WORK ITEM: Produce an exact transcription of the data, with the images left out.

____________________

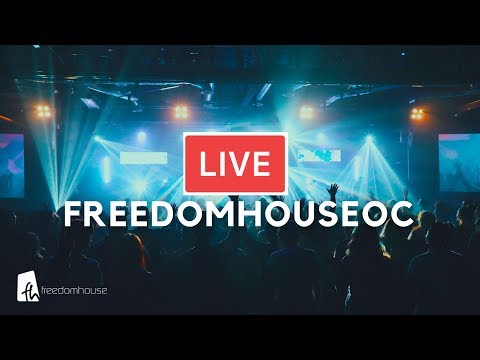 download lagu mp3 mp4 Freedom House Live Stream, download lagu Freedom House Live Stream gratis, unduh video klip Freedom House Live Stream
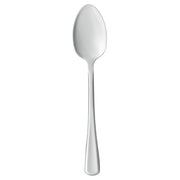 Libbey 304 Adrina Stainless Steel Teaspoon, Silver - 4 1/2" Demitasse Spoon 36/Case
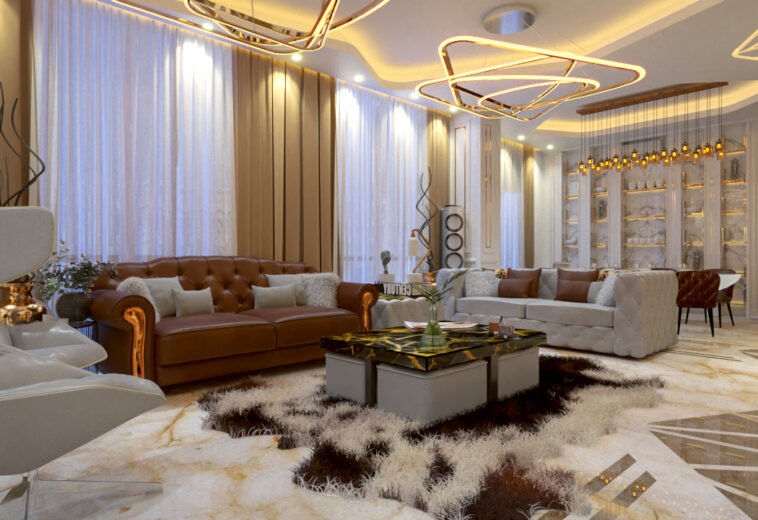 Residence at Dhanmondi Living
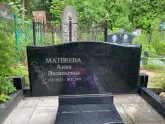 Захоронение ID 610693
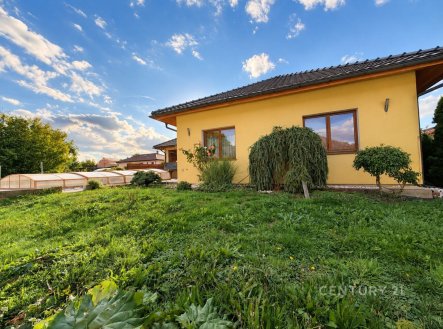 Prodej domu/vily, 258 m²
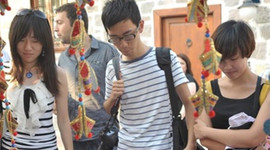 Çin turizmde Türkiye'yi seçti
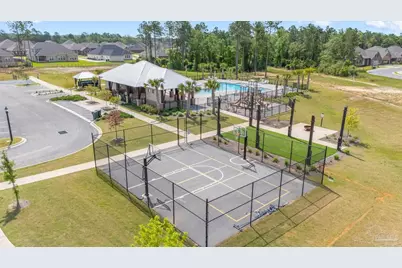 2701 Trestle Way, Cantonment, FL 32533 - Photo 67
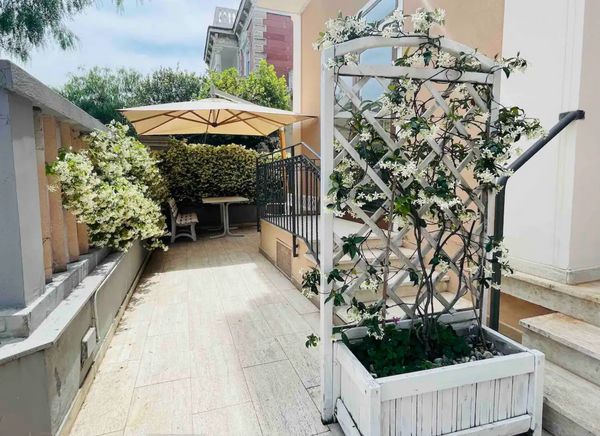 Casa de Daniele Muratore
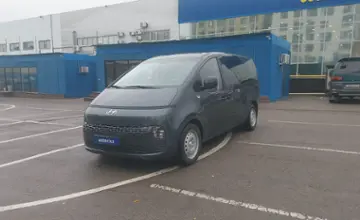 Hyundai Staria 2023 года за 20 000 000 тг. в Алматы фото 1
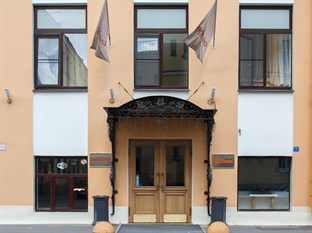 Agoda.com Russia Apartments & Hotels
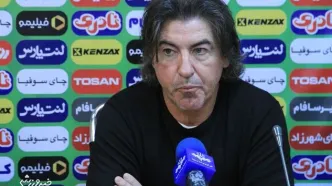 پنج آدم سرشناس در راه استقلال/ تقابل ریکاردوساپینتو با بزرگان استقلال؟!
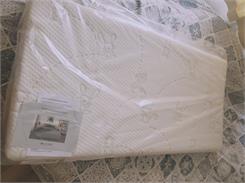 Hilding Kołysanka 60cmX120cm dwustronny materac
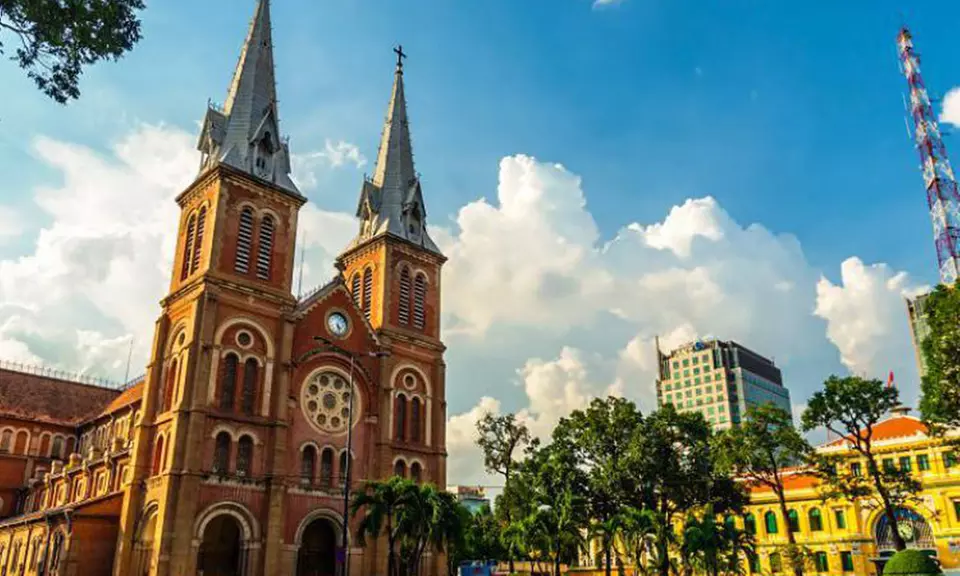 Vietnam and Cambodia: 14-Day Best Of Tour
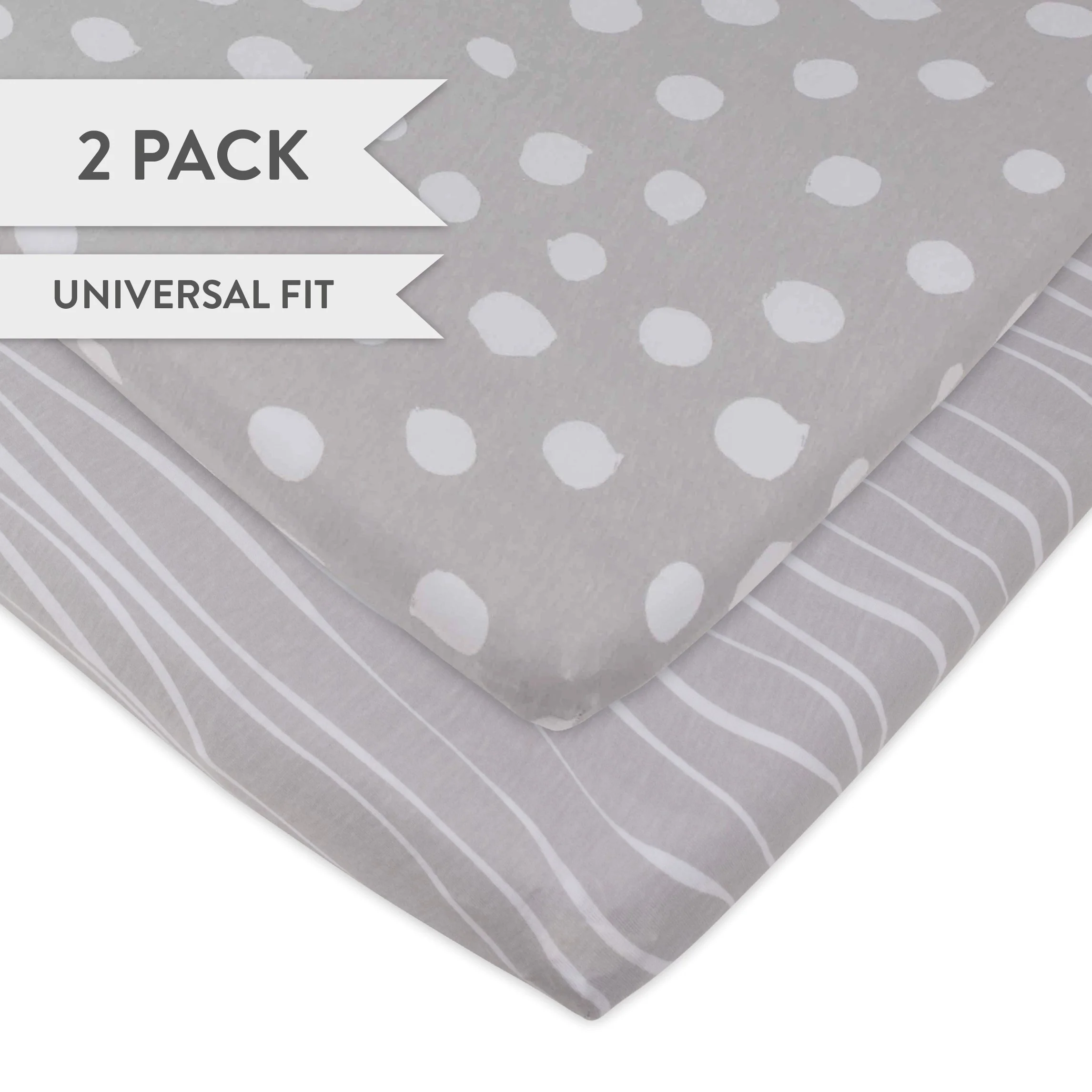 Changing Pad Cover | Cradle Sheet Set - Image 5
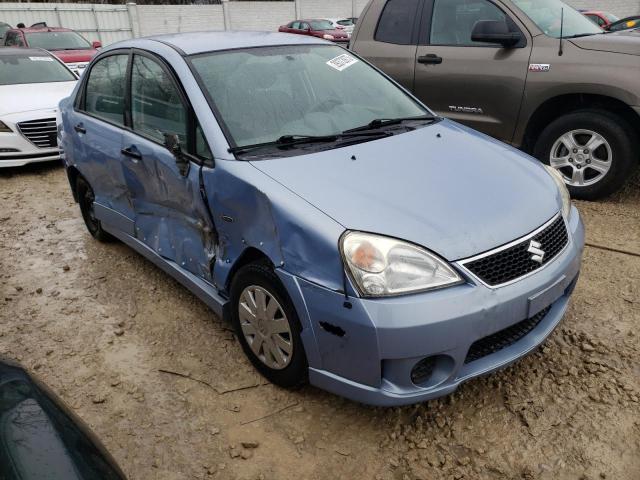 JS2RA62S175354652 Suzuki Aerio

____________________

ANSWER TO THIS TASK:
 download lagu mp3 mp4 Freedom House Live Stream, download lagu Freedom House Live Stream gratis, unduh video klip Freedom House Live Stream
 Libbey 304 Adrina Stainless Steel Teaspoon, Silver - 4 1/2" Demitasse Spoon 36/Case
 Residence at Dhanmondi Living
 Захоронение ID 610693
 Prodej domu/vily, 258 m²
 Çin turizmde Türkiye'yi seçti
 2701 Trestle Way, Cantonment, FL 32533 - Photo 67
 Casa de Daniele Muratore
 Hyundai Staria 2023 года за 20 000 000 тг. в Алматы фото 1
 Agoda.com Russia Apartments & Hotels
 پنج آدم سرشناس در راه استقلال/ تقابل ریکاردوساپینتو با بزرگان استقلال؟!
 Hilding Kołysanka 60cmX120cm dwustronny materac
 Vietnam and Cambodia: 14-Day Best Of Tour
 Changing Pad Cover | Cradle Sheet Set - Image 5
 JS2RA62S175354652 Suzuki Aerio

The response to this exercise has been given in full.